--- Given data ---
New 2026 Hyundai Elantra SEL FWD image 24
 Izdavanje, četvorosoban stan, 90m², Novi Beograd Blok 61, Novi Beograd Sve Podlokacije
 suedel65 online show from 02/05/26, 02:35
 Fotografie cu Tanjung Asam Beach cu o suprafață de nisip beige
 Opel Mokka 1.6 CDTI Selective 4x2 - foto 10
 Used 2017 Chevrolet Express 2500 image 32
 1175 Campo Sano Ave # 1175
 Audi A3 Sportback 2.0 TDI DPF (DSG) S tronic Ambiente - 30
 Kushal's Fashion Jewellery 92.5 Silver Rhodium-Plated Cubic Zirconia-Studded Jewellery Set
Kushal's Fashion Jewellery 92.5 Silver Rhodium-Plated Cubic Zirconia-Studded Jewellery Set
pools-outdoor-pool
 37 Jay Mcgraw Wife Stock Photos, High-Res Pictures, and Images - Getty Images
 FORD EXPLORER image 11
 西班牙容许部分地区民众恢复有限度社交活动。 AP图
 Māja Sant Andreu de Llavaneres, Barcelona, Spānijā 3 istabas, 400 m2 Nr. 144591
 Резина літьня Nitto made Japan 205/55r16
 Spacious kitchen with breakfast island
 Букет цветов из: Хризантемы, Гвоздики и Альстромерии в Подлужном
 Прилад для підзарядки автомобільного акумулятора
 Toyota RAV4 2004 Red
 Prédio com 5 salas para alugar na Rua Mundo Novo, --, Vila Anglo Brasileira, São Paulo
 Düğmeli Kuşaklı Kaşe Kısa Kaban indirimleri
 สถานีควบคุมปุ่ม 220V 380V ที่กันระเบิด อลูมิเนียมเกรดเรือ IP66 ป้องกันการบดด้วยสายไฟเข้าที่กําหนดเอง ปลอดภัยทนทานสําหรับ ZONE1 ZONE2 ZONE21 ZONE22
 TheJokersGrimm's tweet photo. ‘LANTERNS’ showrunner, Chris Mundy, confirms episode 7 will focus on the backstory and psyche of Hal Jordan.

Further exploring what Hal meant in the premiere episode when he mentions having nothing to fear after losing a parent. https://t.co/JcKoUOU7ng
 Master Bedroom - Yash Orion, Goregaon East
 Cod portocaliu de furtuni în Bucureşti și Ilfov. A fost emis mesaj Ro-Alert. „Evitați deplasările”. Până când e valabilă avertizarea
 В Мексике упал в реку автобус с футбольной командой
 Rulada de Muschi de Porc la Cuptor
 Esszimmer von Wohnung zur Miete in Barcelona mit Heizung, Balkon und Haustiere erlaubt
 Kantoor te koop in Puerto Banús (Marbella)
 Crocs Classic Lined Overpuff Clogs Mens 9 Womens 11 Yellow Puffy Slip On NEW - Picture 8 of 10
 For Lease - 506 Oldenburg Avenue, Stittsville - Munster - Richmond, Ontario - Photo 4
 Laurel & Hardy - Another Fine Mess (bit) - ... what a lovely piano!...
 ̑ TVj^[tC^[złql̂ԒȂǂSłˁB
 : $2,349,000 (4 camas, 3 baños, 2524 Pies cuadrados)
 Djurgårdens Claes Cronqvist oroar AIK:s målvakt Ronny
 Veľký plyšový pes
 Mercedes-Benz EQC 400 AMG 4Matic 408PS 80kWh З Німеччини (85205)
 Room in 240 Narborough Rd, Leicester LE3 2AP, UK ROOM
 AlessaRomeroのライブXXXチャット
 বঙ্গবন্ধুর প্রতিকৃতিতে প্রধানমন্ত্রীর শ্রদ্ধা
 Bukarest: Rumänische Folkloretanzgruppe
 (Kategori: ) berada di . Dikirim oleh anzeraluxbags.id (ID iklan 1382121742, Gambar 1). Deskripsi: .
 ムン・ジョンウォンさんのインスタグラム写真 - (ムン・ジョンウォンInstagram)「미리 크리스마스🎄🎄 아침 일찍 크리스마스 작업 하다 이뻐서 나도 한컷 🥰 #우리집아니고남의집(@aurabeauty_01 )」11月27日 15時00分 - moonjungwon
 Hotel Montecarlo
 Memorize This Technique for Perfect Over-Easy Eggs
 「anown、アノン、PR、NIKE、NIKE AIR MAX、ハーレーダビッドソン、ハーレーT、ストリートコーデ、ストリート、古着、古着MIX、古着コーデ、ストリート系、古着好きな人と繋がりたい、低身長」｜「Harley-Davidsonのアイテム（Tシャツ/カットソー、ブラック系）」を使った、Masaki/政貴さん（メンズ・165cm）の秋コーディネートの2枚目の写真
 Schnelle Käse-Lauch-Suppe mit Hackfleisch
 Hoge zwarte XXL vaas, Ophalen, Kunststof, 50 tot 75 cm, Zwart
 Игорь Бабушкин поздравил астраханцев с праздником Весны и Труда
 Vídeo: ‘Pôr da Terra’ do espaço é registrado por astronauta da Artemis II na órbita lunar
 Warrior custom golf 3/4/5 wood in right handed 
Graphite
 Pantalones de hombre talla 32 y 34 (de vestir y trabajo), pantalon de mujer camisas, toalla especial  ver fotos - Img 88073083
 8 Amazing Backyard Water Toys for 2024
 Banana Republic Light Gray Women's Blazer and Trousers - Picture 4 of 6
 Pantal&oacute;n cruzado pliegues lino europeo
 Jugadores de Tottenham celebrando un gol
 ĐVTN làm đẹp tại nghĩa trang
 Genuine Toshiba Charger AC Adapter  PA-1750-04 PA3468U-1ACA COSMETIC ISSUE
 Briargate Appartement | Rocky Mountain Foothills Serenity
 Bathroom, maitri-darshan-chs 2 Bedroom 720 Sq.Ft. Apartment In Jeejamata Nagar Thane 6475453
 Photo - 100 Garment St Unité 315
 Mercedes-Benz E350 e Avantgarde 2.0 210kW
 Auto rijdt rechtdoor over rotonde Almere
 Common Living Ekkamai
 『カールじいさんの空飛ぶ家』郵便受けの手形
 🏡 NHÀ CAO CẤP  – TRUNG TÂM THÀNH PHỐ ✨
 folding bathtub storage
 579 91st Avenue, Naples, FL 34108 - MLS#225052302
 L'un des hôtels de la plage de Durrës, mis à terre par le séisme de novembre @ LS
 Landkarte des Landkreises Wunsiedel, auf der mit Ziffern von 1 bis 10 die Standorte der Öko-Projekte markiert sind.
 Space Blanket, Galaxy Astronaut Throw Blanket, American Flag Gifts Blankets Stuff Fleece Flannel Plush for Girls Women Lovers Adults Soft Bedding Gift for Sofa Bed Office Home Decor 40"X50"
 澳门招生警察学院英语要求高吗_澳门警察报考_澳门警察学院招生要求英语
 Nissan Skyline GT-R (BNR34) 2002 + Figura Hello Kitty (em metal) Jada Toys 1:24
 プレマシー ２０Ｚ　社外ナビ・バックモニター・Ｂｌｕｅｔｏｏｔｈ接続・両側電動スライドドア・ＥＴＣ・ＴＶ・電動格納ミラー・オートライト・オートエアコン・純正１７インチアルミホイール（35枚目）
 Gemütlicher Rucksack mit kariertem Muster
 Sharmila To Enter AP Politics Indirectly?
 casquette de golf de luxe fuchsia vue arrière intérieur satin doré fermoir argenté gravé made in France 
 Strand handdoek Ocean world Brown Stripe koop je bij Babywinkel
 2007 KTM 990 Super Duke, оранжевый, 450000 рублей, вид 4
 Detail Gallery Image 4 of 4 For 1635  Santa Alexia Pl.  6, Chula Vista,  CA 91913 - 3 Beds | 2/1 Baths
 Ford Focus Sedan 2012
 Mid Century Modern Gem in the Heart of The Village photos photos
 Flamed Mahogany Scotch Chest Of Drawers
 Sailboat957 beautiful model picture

--- Your assignment ---
Give back, unchanged, the run of lines in the listing above that begins at the line containing "Toyota RAV4 2004 Red" and ends at the line containing "Kantoor te koop in Puerto Banús (Marbella)", both included.

--- Exercise output ---
 Toyota RAV4 2004 Red
 Prédio com 5 salas para alugar na Rua Mundo Novo, --, Vila Anglo Brasileira, São Paulo
 Düğmeli Kuşaklı Kaşe Kısa Kaban indirimleri
 สถานีควบคุมปุ่ม 220V 380V ที่กันระเบิด อลูมิเนียมเกรดเรือ IP66 ป้องกันการบดด้วยสายไฟเข้าที่กําหนดเอง ปลอดภัยทนทานสําหรับ ZONE1 ZONE2 ZONE21 ZONE22
 TheJokersGrimm's tweet photo. ‘LANTERNS’ showrunner, Chris Mundy, confirms episode 7 will focus on the backstory and psyche of Hal Jordan.

Further exploring what Hal meant in the premiere episode when he mentions having nothing to fear after losing a parent. https://t.co/JcKoUOU7ng
 Master Bedroom - Yash Orion, Goregaon East
 Cod portocaliu de furtuni în Bucureşti și Ilfov. A fost emis mesaj Ro-Alert. „Evitați deplasările”. Până când e valabilă avertizarea
 В Мексике упал в реку автобус с футбольной командой
 Rulada de Muschi de Porc la Cuptor
 Esszimmer von Wohnung zur Miete in Barcelona mit Heizung, Balkon und Haustiere erlaubt
 Kantoor te koop in Puerto Banús (Marbella)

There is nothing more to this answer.